Coaching Football's "Little Things"

Developing a Consistently Successful Football Program

Coaching? OR… Winning?

Posted by admin November - 18 - 2020 - Wednesday

I feel the need to address a subject that seems to always come up at this time of the year. For those of you who got to actually play this fall, I hope your season was “successful.” I put that in quotes because it is important that you know in your heart what your definition of “successful” really is.

The subject that I alluded to in my first sentence is the issue of a bunch of coaches (prematurely) “retiring” at this time of year… invariably to “spend more time with my family.” At least, that is the reason I read most often when coaches who haven’t seen much success in the win column step down from their head coaching position. They lost a lot of games and so they “retire.” They walk away rather than persevere. Thus, my title: why are you in coaching? What is your purpose? Are you in this profession because you love to COACH? Or, are you in it just because you like to win? It’s a matter of what you value and what your priorities are.

Let’s look at a definition of success that I’ve always adhered to. It says that “success is peace of mind…. in the knowledge that you DID your best, to BECOME the best you are capable of being.” I took that from legendary UCLA basketball coach, John Wooden. Most of you probably remember Coach Wooden as leading UCLA to 10 national championships in 12 years, including a record 7 in a row! Though UCLA was successful under Wooden from his first year at the helm, they did not win their first national championship until Wooden’s 14th season! WOW! I wonder how many coaches would have “retired to spend more time with their family” if they had to wait 14 years to grab the brass ring?!!!

On a personal note, it took 12 years before one of the teams that I was the head coach of won a District championship.
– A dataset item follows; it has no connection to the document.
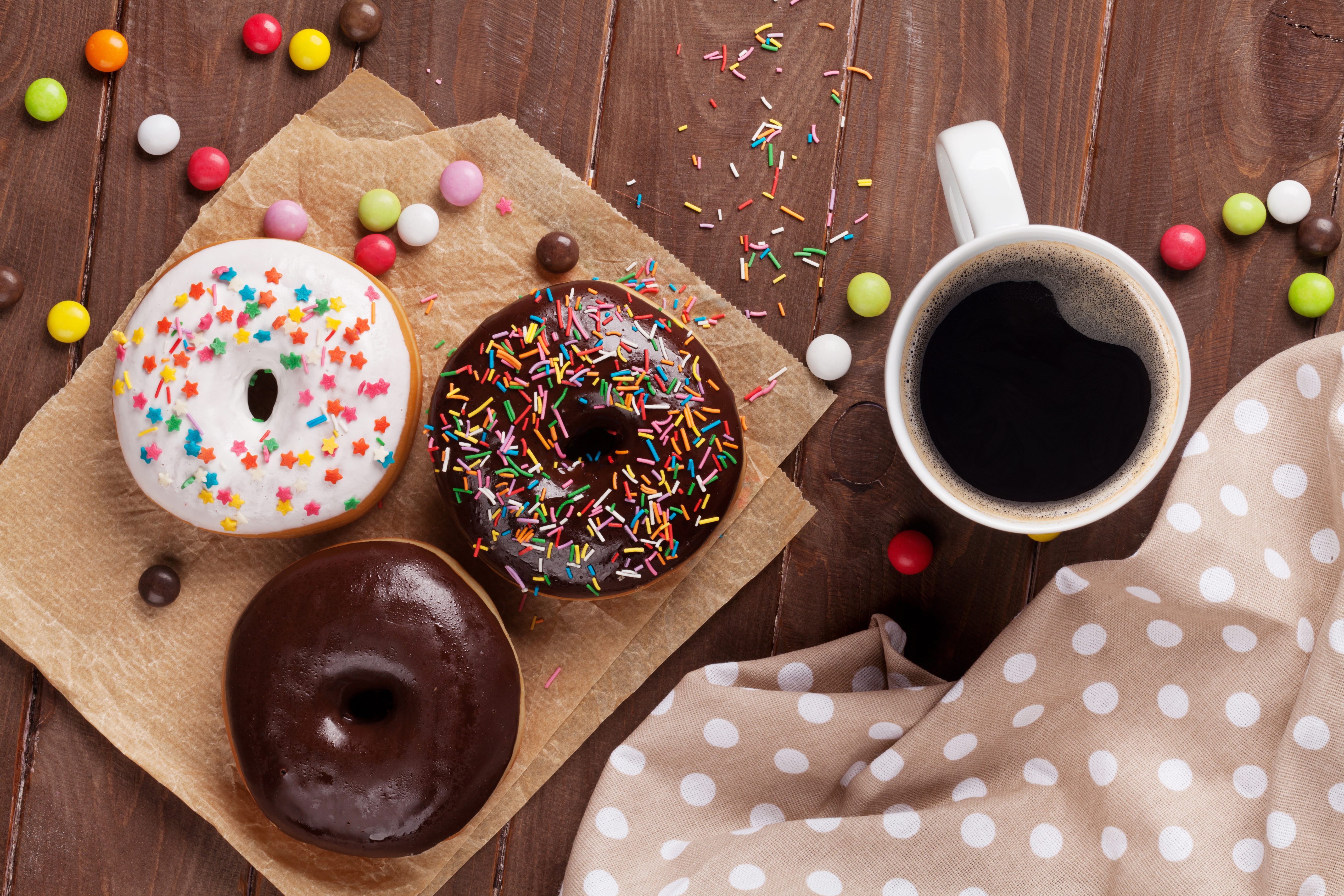 Download mobile wallpaper Food, Coffee, Still Life, Sweets, Doughnut, Candy for free.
Heck… our record for my first 5 years was barely above .500. But we persevered. I made sure that I set aside time for my family throughout my career. I didn’t magically have to give up coaching to “spend time” with them. Our son, from an early age, went with me when I scouted. Our daughter was a star Field Hockey player. I rarely missed a game. She was on the Homecoming Court at our school both her Junior and Senior years. I went and sat with my wife during halftime for the presentation of the Court. My assistants could handle the halftime activities for one night. Sooooooo.. “come on man!” You make time for the things (and people) that are important.

You are a role model for your players— whether you like it or not! The values that you establish in your program will be the things that are “caught” not “taught.” Who you are when nobody is looking represents who you really are. Sure it’s frustrating to lose. But as Winston Churchill said during England’s darkest hour during World War II, “Never, never, never give up…. and never give in!”